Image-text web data

'''

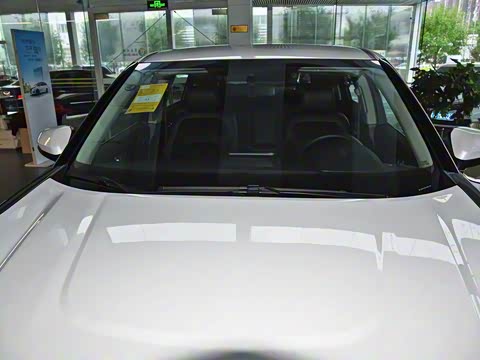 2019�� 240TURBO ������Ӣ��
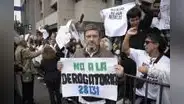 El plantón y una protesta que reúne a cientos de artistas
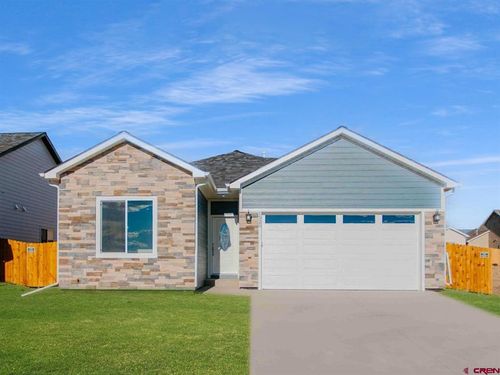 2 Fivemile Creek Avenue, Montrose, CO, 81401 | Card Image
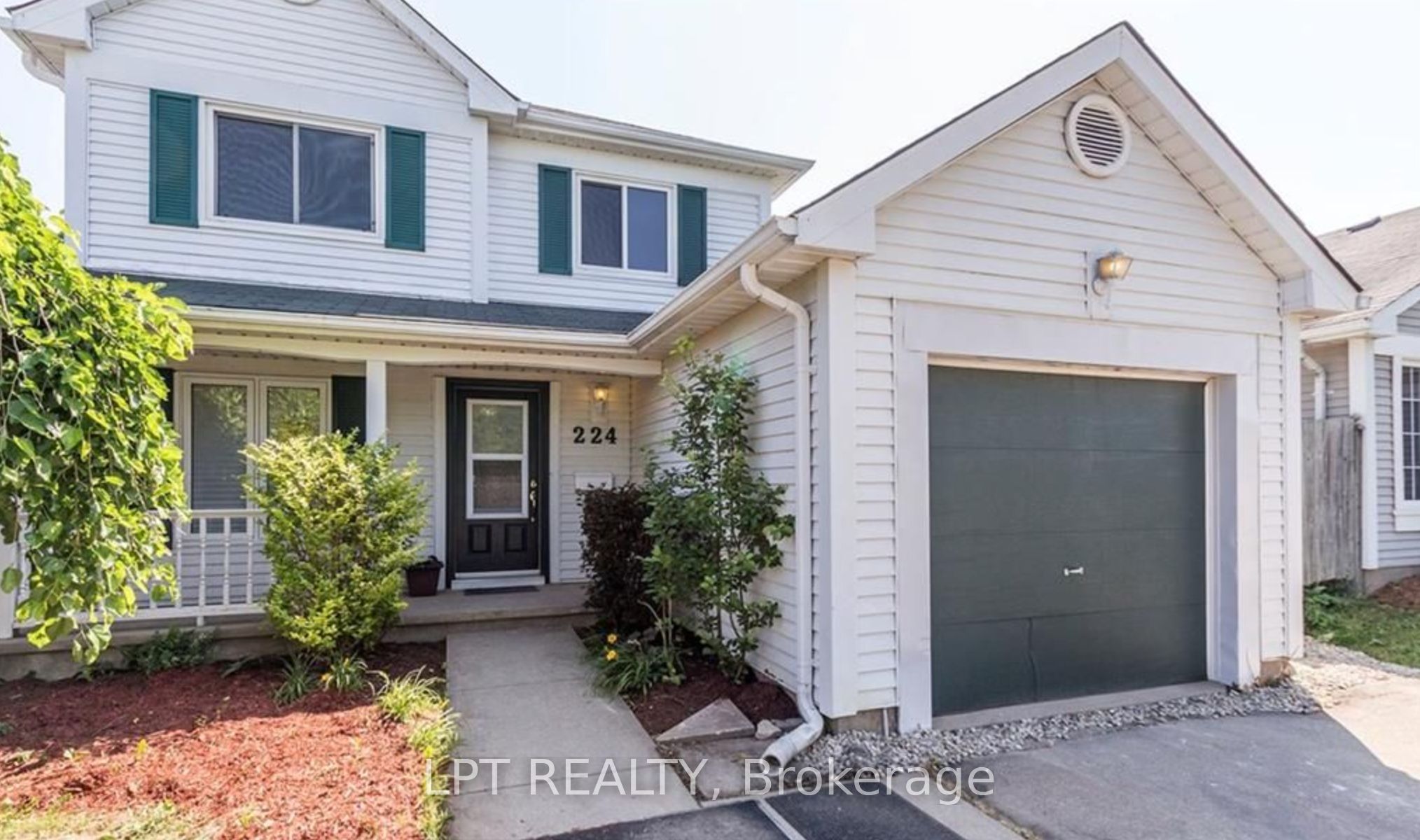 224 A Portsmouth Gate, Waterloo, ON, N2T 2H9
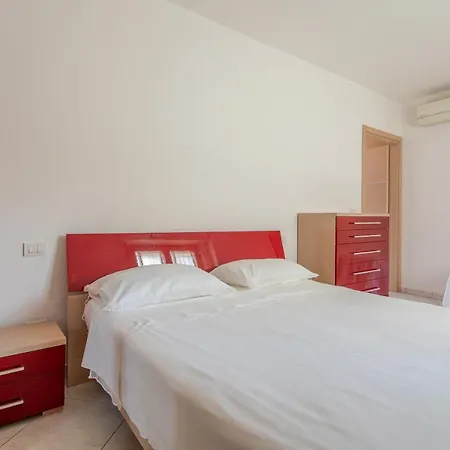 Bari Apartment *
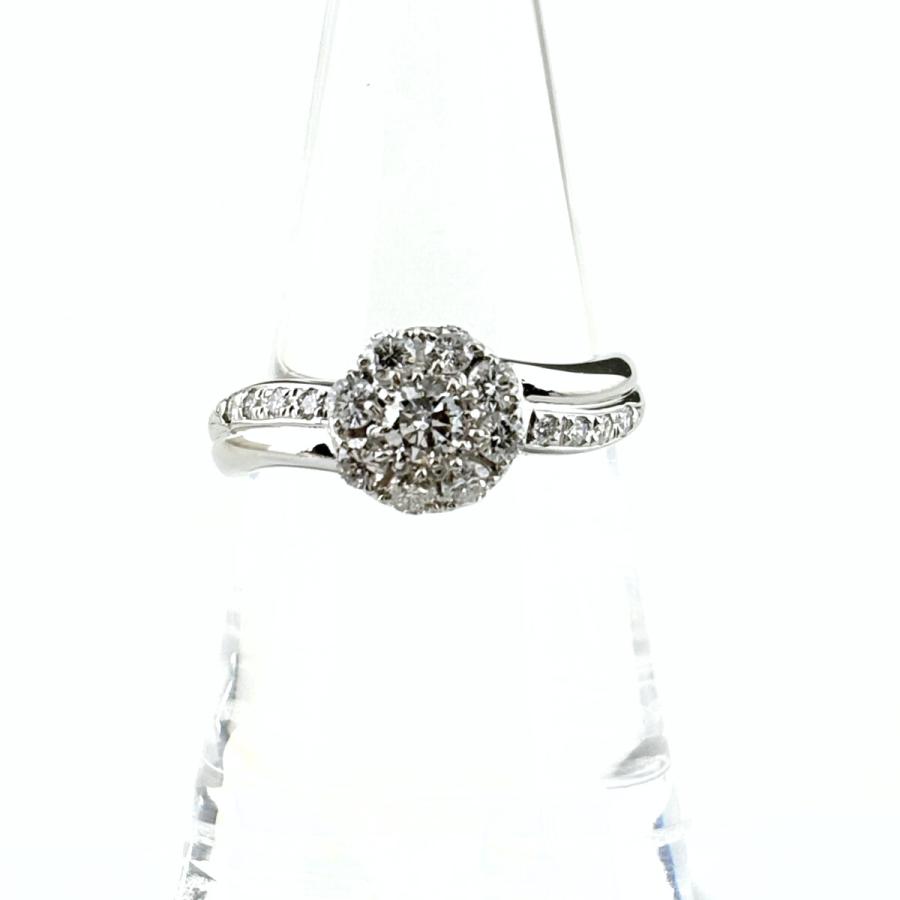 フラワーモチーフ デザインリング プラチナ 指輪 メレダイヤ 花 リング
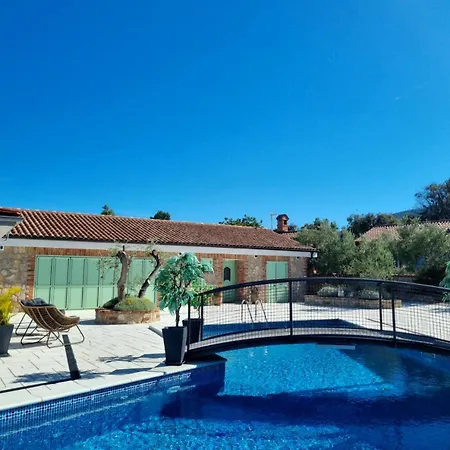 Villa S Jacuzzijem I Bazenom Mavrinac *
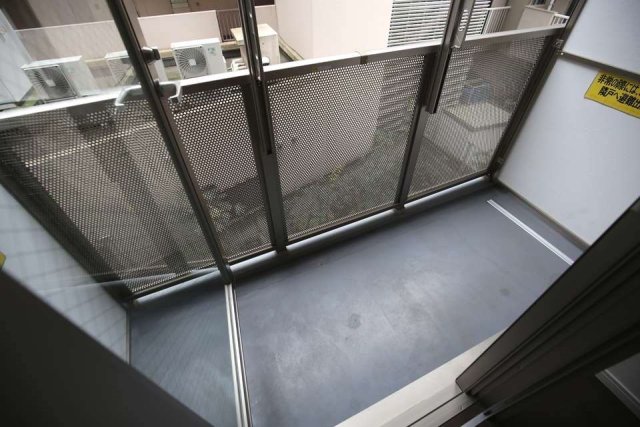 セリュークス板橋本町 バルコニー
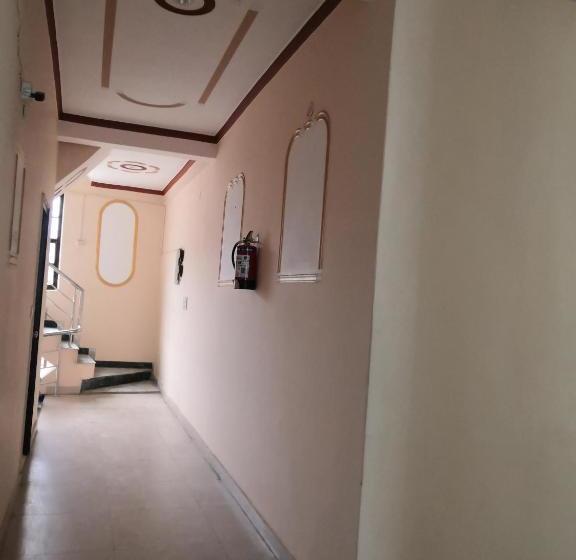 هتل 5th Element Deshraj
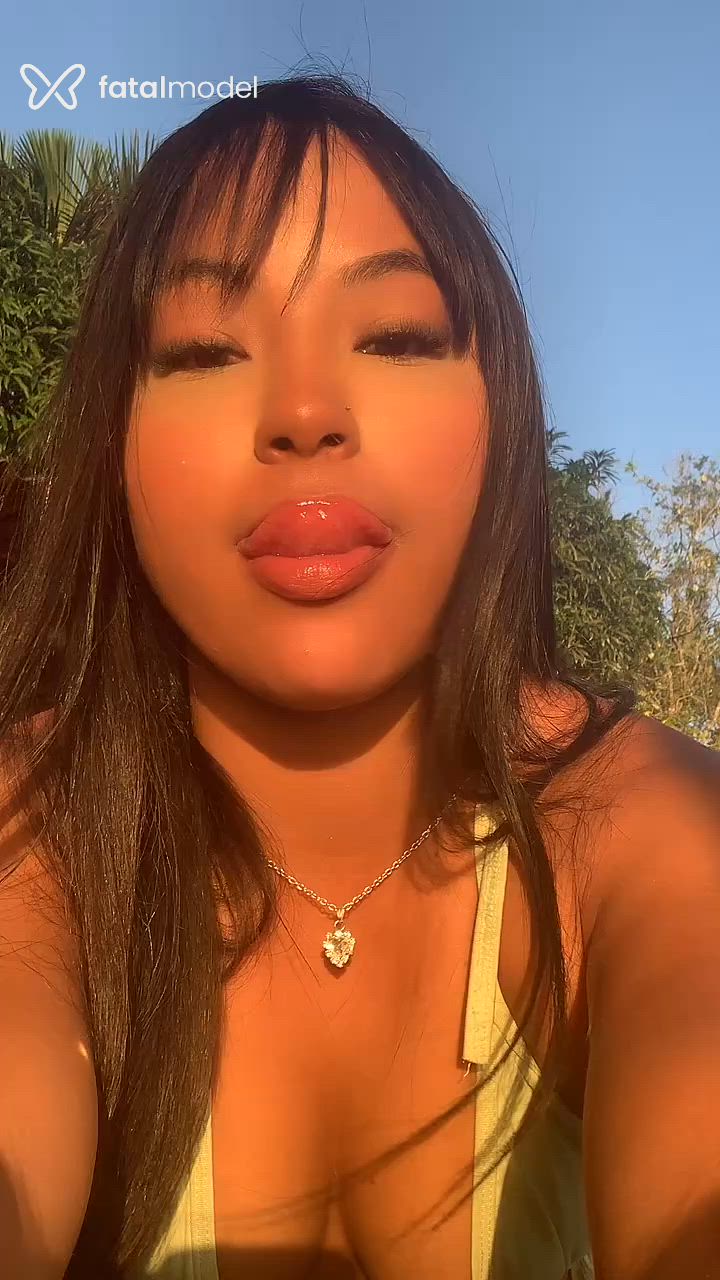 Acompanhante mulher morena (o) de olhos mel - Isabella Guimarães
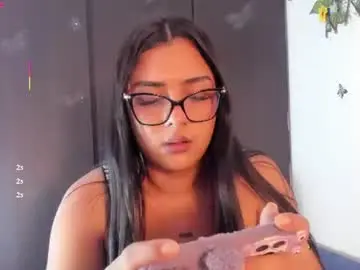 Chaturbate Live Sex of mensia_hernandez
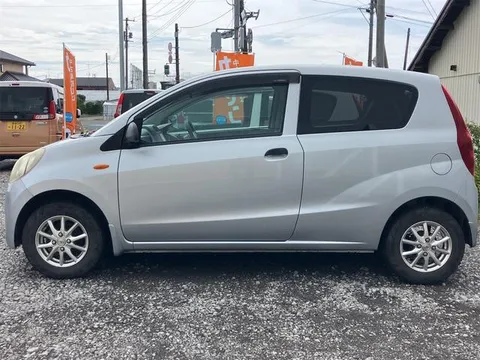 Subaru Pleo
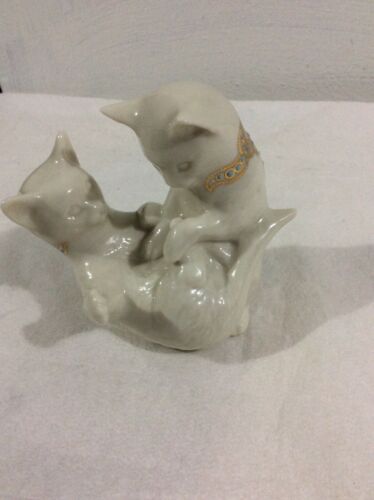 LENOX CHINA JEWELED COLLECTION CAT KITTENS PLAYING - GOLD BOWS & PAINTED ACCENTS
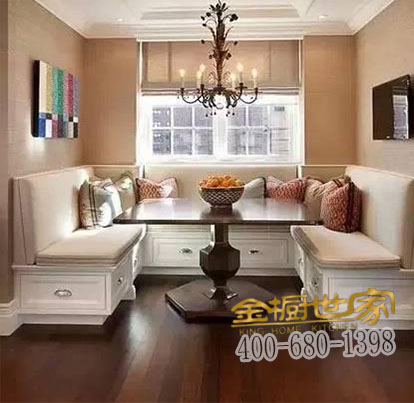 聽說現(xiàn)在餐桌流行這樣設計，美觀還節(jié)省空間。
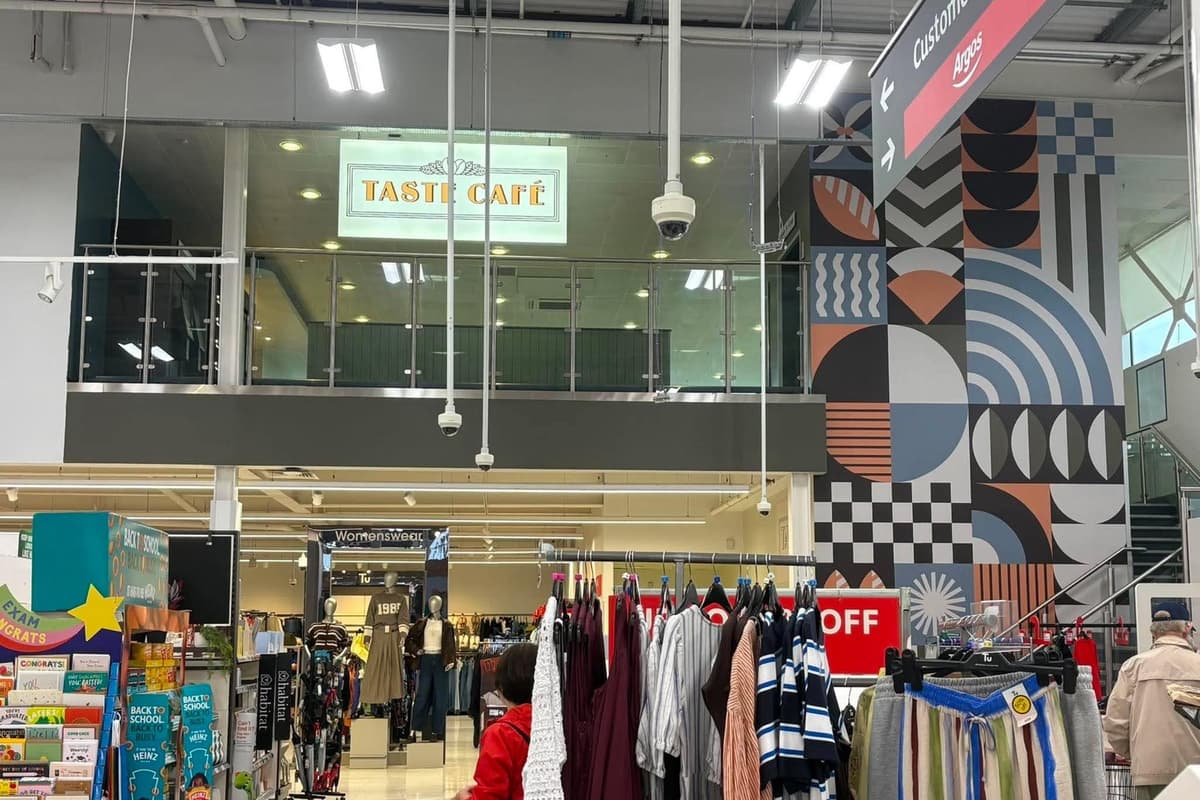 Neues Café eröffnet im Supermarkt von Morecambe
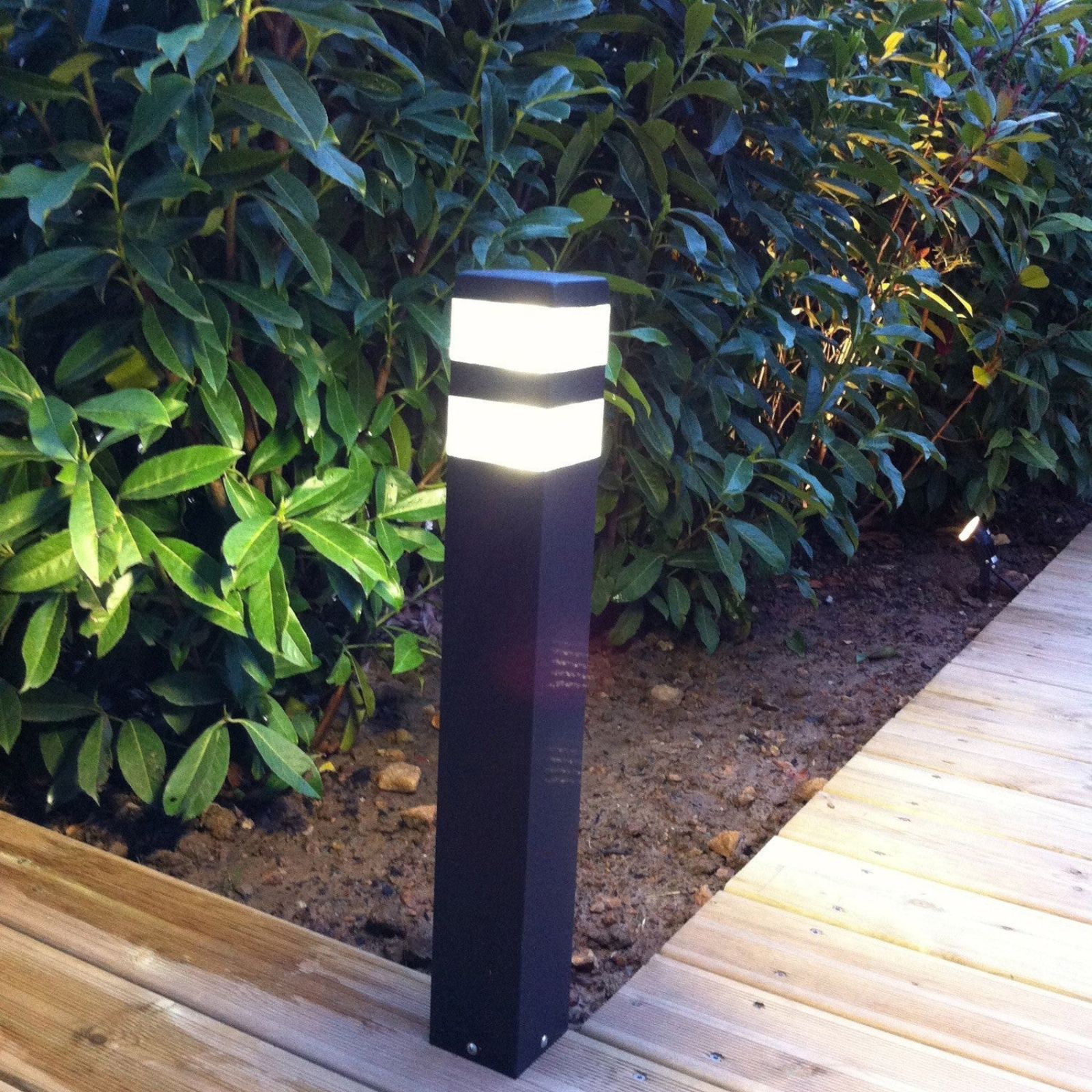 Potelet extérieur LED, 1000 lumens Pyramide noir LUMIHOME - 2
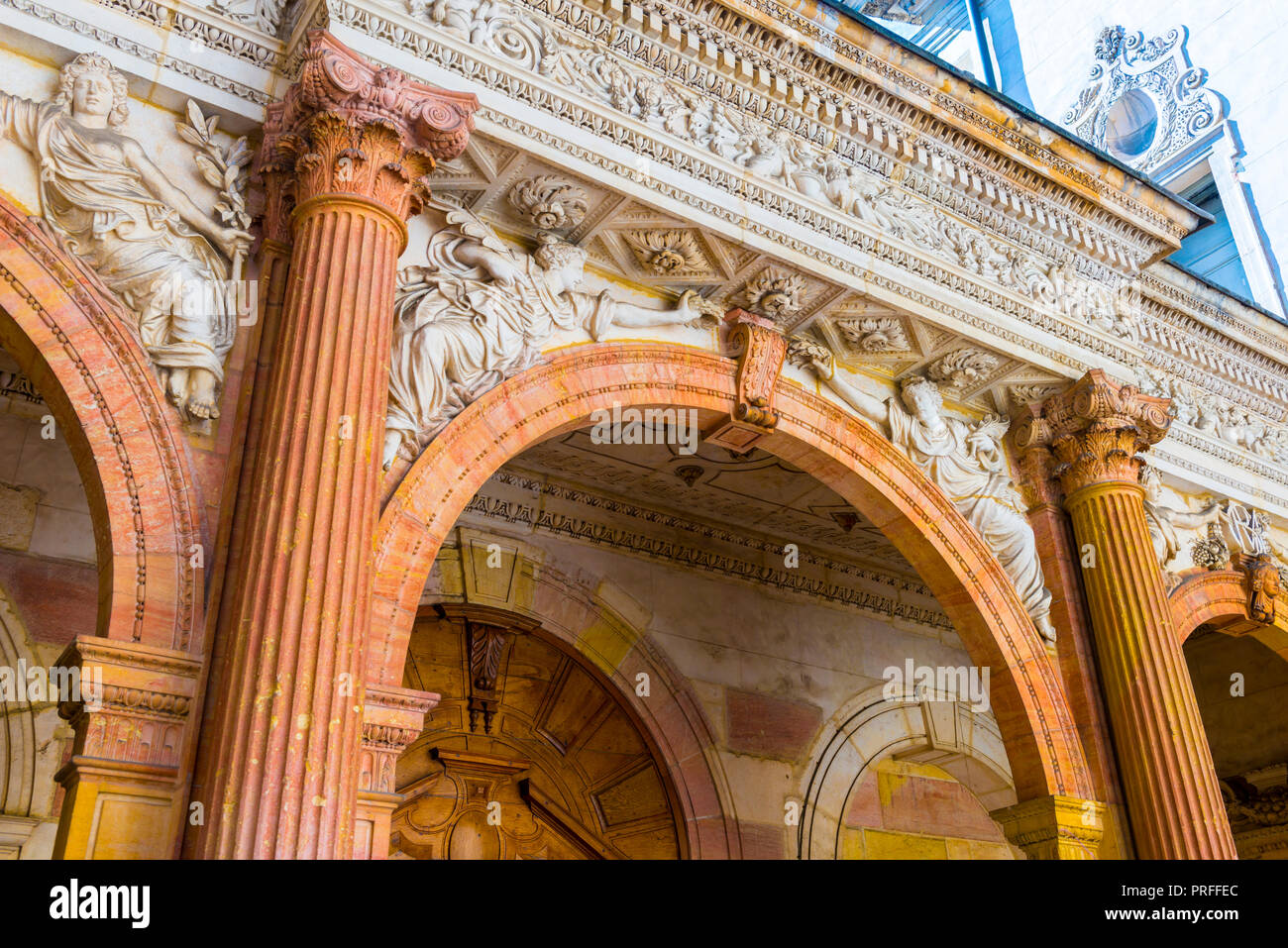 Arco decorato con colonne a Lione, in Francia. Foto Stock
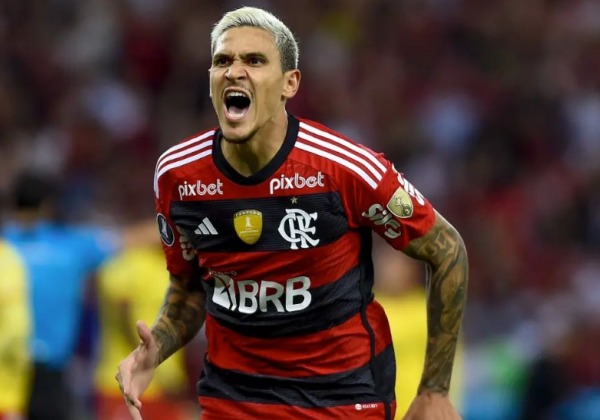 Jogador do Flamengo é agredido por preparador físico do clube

'''

Task description: Take the records above and transcribe them exactly, dropping every picture.

Task output:
 2019�� 240TURBO ������Ӣ��
 El plantón y una protesta que reúne a cientos de artistas
 2 Fivemile Creek Avenue, Montrose, CO, 81401 | Card Image
 224 A Portsmouth Gate, Waterloo, ON, N2T 2H9
 Bari Apartment *
 フラワーモチーフ デザインリング プラチナ 指輪 メレダイヤ 花 リング
 Villa S Jacuzzijem I Bazenom Mavrinac *
 セリュークス板橋本町 バルコニー
 هتل 5th Element Deshraj
 Acompanhante mulher morena (o) de olhos mel - Isabella Guimarães
 Chaturbate Live Sex of mensia_hernandez
 Subaru Pleo
 LENOX CHINA JEWELED COLLECTION CAT KITTENS PLAYING - GOLD BOWS & PAINTED ACCENTS
 聽說現(xiàn)在餐桌流行這樣設計，美觀還節(jié)省空間。
 Neues Café eröffnet im Supermarkt von Morecambe
 Potelet extérieur LED, 1000 lumens Pyramide noir LUMIHOME - 2
 Arco decorato con colonne a Lione, in Francia. Foto Stock
 Jogador do Flamengo é agredido por preparador físico do clube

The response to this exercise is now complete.